Manufacturers will work together to develop a system to finance the nationwide program through front-end fees or alternative plans. The NEPSI stakeholders will then recommend the financing system to Congress.

"It's definitely not a step backward,'' said Scott Cassel, Executive Director of the Product Stewardship Institute in Lowell, Mass., which represented local government interests in the NEPSI dialogue. "There's a potential here for it to be the start of developing a national system or back to square one.
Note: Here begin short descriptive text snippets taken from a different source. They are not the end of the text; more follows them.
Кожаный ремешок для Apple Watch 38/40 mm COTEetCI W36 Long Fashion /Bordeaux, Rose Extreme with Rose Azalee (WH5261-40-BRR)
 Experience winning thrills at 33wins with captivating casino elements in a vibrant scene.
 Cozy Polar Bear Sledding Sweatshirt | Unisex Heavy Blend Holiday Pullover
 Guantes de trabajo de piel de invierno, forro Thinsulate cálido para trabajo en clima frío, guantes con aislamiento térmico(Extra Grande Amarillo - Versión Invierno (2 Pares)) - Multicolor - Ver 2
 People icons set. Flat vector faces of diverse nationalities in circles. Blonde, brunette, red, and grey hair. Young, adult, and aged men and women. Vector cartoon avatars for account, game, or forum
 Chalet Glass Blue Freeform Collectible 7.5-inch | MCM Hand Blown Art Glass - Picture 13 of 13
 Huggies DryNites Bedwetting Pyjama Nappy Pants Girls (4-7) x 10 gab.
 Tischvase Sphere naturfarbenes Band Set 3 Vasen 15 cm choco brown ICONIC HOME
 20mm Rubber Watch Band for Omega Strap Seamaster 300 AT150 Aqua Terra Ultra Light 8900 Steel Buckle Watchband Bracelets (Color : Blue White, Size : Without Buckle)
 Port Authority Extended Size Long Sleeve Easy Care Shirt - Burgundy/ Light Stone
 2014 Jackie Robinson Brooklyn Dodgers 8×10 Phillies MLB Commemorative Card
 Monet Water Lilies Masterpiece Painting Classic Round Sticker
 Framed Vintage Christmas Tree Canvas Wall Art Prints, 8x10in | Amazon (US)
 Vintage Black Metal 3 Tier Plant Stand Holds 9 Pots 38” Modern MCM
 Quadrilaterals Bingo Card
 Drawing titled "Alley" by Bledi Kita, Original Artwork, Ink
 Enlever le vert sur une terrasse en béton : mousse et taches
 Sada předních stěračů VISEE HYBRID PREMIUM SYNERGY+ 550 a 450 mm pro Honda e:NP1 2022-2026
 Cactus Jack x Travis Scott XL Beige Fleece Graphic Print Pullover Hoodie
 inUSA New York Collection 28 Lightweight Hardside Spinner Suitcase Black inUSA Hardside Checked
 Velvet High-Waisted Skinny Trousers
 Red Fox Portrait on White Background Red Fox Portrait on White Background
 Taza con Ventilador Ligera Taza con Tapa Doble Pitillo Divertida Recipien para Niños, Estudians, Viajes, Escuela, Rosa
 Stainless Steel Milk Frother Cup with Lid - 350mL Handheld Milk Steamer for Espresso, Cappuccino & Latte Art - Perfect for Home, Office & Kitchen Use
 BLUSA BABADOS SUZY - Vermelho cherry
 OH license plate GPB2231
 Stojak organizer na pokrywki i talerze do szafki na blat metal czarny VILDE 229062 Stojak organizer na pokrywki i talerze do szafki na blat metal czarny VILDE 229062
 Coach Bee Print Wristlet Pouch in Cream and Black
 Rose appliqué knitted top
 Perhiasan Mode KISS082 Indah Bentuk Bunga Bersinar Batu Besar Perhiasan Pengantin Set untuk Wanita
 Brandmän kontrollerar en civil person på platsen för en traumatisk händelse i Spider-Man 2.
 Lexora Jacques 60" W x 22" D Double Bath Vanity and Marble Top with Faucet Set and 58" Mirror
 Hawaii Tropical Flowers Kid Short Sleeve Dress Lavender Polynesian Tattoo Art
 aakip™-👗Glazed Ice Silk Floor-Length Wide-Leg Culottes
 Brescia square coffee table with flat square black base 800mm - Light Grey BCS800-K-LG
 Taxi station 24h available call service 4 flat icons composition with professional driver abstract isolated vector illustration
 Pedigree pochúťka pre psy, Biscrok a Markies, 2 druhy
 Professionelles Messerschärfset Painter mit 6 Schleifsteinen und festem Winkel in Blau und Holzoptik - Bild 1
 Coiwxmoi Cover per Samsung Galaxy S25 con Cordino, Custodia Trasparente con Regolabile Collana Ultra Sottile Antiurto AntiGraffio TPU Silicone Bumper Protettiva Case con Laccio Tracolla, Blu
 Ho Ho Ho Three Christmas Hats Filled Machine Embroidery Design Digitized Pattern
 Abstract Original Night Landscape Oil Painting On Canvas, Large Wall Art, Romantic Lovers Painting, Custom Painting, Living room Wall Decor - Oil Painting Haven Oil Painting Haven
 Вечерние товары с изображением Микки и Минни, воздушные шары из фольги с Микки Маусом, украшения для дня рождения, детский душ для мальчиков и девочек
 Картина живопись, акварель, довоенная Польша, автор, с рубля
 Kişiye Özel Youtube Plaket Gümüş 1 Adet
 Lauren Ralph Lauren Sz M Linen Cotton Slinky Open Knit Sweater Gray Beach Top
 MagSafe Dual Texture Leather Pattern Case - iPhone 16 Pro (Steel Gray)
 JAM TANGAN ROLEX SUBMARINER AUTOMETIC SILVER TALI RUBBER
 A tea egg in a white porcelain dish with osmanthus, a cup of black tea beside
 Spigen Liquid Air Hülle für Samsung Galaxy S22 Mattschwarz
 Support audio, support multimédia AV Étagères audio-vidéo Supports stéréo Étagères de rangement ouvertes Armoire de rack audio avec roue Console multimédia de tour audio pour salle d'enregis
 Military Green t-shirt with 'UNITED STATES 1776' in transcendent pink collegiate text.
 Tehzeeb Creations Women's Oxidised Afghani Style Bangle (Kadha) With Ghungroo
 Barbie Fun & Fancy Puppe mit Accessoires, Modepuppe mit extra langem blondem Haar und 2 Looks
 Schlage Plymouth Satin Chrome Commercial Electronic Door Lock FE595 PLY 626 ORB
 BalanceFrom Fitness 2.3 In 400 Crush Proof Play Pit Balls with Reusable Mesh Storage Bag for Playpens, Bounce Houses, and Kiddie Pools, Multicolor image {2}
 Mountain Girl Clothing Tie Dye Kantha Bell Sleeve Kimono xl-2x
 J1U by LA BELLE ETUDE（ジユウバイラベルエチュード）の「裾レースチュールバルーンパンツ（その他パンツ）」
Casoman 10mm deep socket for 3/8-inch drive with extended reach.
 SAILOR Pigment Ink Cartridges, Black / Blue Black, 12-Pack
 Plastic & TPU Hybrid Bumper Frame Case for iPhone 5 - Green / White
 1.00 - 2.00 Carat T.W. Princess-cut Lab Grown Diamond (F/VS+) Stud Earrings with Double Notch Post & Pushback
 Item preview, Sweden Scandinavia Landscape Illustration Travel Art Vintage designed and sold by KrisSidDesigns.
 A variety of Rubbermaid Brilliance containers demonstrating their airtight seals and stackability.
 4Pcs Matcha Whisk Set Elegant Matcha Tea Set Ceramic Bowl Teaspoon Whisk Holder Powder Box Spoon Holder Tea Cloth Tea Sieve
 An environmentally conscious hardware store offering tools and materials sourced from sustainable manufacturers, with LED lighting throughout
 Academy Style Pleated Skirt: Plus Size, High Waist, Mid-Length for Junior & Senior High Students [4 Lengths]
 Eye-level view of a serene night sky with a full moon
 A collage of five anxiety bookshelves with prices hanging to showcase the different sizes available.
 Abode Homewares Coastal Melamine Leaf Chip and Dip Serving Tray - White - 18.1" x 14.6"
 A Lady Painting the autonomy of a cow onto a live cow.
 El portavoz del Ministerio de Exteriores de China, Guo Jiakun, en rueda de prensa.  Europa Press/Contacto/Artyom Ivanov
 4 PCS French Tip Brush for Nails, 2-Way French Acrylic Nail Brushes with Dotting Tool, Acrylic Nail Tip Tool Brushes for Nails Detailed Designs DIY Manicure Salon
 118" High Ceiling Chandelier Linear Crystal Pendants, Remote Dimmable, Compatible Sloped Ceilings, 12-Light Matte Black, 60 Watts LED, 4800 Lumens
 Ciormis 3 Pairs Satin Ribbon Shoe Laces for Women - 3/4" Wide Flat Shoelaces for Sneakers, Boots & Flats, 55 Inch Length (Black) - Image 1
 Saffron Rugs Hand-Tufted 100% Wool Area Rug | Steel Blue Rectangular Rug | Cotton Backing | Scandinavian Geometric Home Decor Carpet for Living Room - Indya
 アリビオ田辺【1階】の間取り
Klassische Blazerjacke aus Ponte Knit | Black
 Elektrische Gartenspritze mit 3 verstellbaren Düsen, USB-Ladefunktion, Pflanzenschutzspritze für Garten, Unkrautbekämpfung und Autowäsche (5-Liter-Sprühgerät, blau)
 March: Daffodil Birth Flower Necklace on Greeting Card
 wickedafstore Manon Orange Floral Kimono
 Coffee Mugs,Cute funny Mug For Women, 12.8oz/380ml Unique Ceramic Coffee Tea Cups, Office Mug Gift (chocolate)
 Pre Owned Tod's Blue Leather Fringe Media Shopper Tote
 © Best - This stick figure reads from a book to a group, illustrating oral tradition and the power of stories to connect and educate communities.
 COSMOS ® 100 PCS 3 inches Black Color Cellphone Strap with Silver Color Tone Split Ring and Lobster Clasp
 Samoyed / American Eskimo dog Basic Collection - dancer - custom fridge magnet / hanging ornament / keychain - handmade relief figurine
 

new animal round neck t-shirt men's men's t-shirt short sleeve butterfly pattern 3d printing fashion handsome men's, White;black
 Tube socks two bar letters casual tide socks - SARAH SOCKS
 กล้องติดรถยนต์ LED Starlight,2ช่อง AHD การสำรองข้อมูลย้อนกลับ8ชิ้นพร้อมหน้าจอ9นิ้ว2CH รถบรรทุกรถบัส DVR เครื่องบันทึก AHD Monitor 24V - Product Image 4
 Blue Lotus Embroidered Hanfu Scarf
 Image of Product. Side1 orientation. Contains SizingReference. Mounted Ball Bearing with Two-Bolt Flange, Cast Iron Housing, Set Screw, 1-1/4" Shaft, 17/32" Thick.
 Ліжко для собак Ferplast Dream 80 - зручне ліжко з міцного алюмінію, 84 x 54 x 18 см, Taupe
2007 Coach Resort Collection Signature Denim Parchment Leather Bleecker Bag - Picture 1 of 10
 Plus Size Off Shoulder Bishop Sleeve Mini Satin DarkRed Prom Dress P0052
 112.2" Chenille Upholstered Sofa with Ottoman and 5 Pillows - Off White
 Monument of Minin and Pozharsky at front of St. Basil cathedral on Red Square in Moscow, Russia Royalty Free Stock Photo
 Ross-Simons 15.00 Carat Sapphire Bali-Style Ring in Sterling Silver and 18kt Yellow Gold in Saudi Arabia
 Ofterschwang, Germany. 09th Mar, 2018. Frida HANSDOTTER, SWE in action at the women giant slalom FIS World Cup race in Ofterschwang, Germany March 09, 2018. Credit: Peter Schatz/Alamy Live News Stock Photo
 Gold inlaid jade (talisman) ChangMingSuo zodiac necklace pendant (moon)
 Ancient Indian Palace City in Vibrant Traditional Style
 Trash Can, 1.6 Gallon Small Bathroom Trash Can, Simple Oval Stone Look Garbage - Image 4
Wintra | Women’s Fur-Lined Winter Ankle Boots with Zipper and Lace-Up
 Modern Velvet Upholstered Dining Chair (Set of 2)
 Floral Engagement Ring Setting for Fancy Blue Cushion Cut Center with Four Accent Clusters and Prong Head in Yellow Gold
"It's in [the manufacturers'] court to come back. If not, this thing, it falls flat.''

The industry did not give a time frame for developing and detailing a financing system, but there is an understanding that it will be sooner rather than later, said Catherine Wilt, NEPSI coordinator and senior research associate for the Center for Clean Products & Clean Technologies at the University of Tennessee.

"I'm surprisingly pleased about the outcome. I thought we would be done talking in the first day of the meeting,'' she said. "It's not a done deal, but it's really close. It's really close.''

But some environmental groups, especially those that participated in the NEPSI process, came away from the meeting with a less positive take on the agreement.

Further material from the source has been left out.